The directors state that the Irish subsidiary is “working closely” with the RSA group to “identify the most effective means of addressing the capital shortfall before the transition date and has identified a number of initiatives...with the potential to do so”.

The accounts for RSA Insurance Ireland Ltd also show that the company signed a reinsurance contract on February 18th with another part of the RSA group. The contract covers all claims occurring before October 1st 2014.

“All things being equal, had the contract been executed on or prior to December 31st, it would have increased the company’s coverage ratio under Solvency 1 [regulatory requirements] from 1.52 times the required minimum solvency margin to 2.19 times,” the directors state.

According to the accounts, RSA undertook a strategic review that produced a three-year business plan out to 2017. “The plan is designed to restore profitability and generate acceptable returns on capital for the group and its shareholders.”

While the losses incurred by RSA in Ireland last year were substantial, they did at least represent a reduction on the €234.7 million deficit posted in 2013.

Net premiums written reduced to €346.6 million from €365.1 million a year earlier. Its realised investment income reduced by €22.4 million due to a fall in dividend income from subsidiaries, and lower corporate and sovereign bond yields.

Claims incurred fell by 22 per cent to €394.7 million due a reduction in the strengthening of prior year reserves. The company incurred exceptional costs of €48.8 million relating to restructuring, remediation and the impairment of intangible assets, and booked an actuarial loss of €21.3 million on its pension scheme.

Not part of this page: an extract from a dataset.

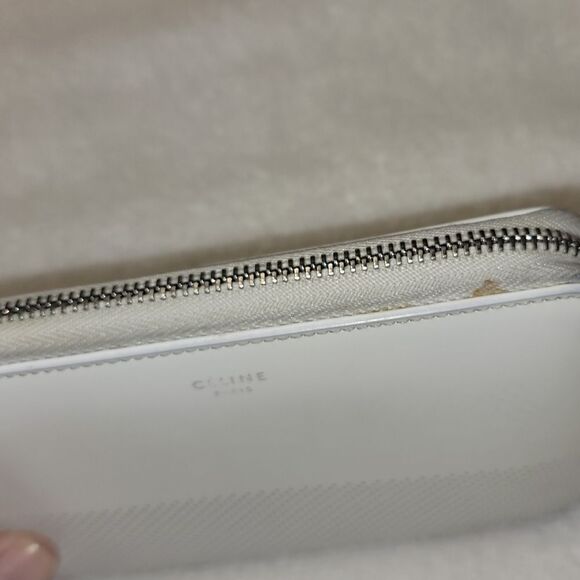 Celine Patent Leather Zip Around Wallet in Ivory - Picture 5 of 8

Costs associated with its voluntary redundancy programme amounted to €12.4 million last year compared with €2 million in 2013. Staff numbers during the year reduced to 474 from 532 previously.

In terms of future developments, the directors state that the company would align with RSA group strategy, focusing on “core markets, of which Ireland is one, capital and balance sheet strengthening and performance improvement”.

Earlier this year, Mr Smith was granted an award of €1.25 million by the Employment Appeals Tribunal in his constructive dismissal case against RSA. In June, RSA said it would appeal the award to the High Court.